Given data section start

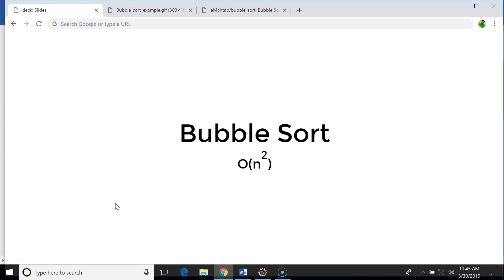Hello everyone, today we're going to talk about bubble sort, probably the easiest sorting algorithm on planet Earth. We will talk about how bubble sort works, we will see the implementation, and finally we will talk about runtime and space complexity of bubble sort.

Given data section end
Given data section start

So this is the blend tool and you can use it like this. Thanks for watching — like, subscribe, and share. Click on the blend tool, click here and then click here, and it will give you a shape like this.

Given data section end
Given data section start

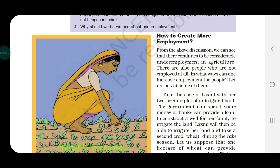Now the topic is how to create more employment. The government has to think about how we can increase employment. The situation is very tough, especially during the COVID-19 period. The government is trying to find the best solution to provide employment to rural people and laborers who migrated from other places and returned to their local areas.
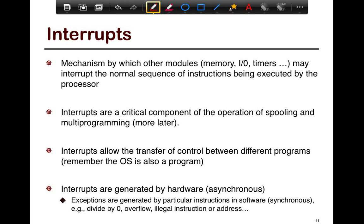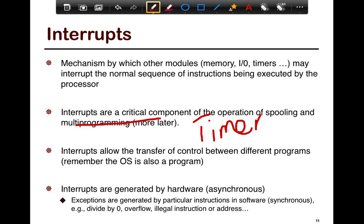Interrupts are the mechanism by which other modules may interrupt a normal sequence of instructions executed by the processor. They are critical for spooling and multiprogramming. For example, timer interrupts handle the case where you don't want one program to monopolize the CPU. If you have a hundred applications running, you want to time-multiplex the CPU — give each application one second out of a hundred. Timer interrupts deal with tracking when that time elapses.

Given data section end

Exercise description
Reproduce the lines above starting at the one with "Now the topic" and ending at the one with "Interrupts are the", both included, exactly and with no pictures.

Completed exercise
Now the topic is how to create more employment. The government has to think about how we can increase employment. The situation is very tough, especially during the COVID-19 period. The government is trying to find the best solution to provide employment to rural people and laborers who migrated from other places and returned to their local areas.
Interrupts are the mechanism by which other modules may interrupt a normal sequence of instructions executed by the processor. They are critical for spooling and multiprogramming. For example, timer interrupts handle the case where you don't want one program to monopolize the CPU. If you have a hundred applications running, you want to time-multiplex the CPU — give each application one second out of a hundred. Timer interrupts deal with tracking when that time elapses.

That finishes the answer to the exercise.